The league is bigger than ever, entering a sort of imperial era in which its gestures to family and capital, to progressivism and traditional values, to Nickelodeon and Ancient Rome, all sit side-by-side. The NFL logo, a red, white, and blue shield, was an apt metaphor for its seeming immunity to prevailing national currents of institutional distrust. Here was the world’s biggest sports league, with its arsenal of controversies and contradictions, holding us captive once again, turning the Super Bowl into event television for factions as dissimilar as football freaks, sport agnostics, gambling addicts, Swifties, data analysts, beer enthusiasts, advertising agents, and anyone who suspected Beyoncé might leverage the occasion to announce a new album.

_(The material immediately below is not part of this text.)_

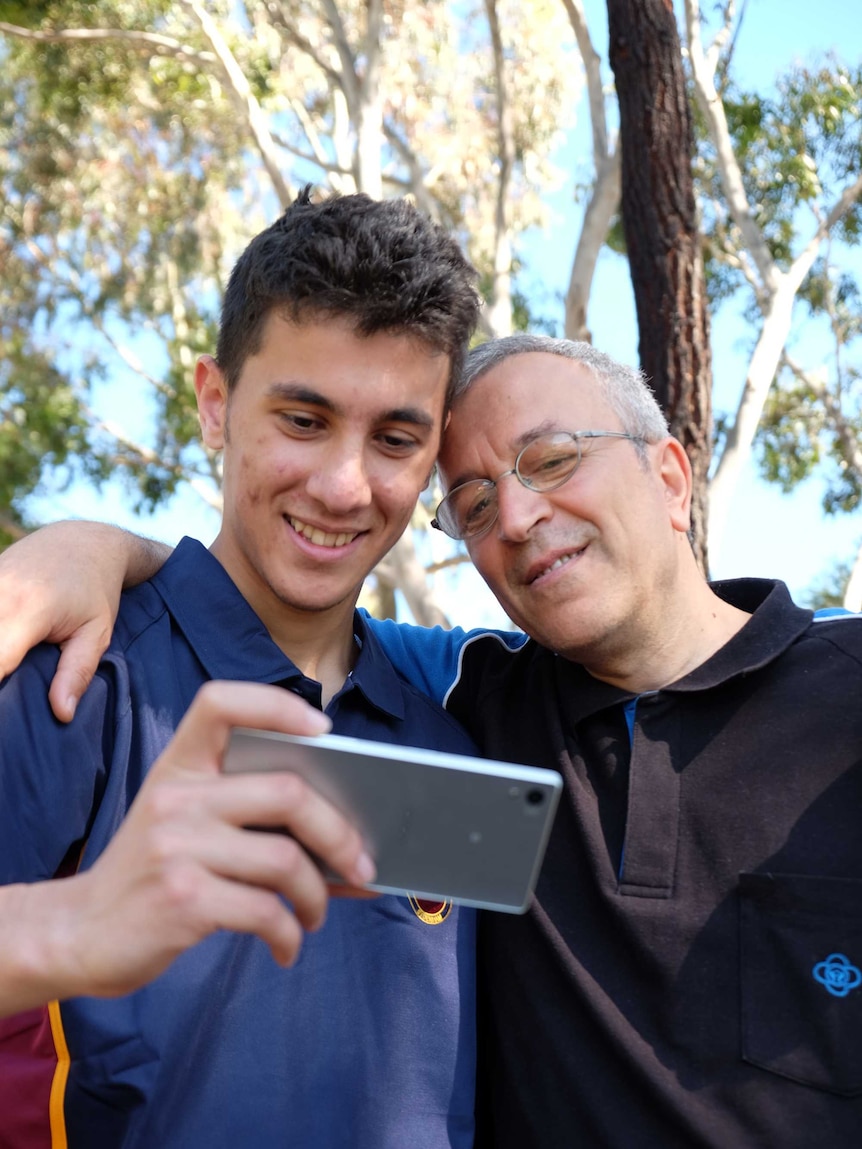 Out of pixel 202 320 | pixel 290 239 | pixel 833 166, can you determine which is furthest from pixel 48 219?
pixel 290 239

That the NFL was peaking now struck me as somewhat improbable, since at various points in my football-watching life the league had seemed to be in decline, reeling from wounds both external and self-inflicted. There was the tyranny of its ownership class, a group of mostly octogenarian billionaires whose politics of self-enrichment were increasingly transparent, and the mutiny of its players, who are now, at the behest of a new collective bargaining agreement, playing more games than ever but are still expected not to pass judgment on league officiating or political affairs. And there was, of course, the matter of traumatic brain injuries, which we know incontrovertibly to be a consequence of playing football. Parents are signing their kids up to play in high school and middle school at far lower rates. Former players suffer in private and pledge to donate their brains to science—or they fight the league for just medical compensation and are met with denial and, later, brigades of lawyers. As all this became common knowledge, the notion took hold that football was in danger and that we, the viewing public, were increasingly complicit in the damages it had wrought.

But 123.4 million of us, to be exact, watched the Super Bowl, the largest audience for an American television event since the moon landing. And I personally had watched more football this season than ever: every game involving my own team and then, I’d estimate, another two or three each week. Of course, not all of them held equal weight. Some took a real psychic toll, while others were merely an opportunity to turn $10 into a couple hundred, provided various things took place, concurrently, exactly as I’d hoped. And others still I’d watched passively, lulled into a fugue by the immersive choreography of the game and the familiar rhythms of its high-def presentation. The spiritual and economic arrangements binding us to football are not unlike those that might compel someone to go to Las Vegas, that most improvident of American cities, where luck pervades the air and consequence is kept out of sight.

The 2023 NFL season was officially over, but Chiefs and Niners fans were onto the next game, shrouding the slot machines and craps tables in a sea of their respective reds. Awaiting me in my hotel room was the Vince Lombardi Trophy, rendered in milk chocolate and plated with other shiny, football-themed chocolates, the kind of on-theme parting gift that may or may not be typical of Vegas hotels hosting visiting sports writers. It was small enough to hold, or even hoist victoriously, but far too big to actually eat, so it sat there like a curio or a poker chip, luring me already with the prospect of another season, another hand.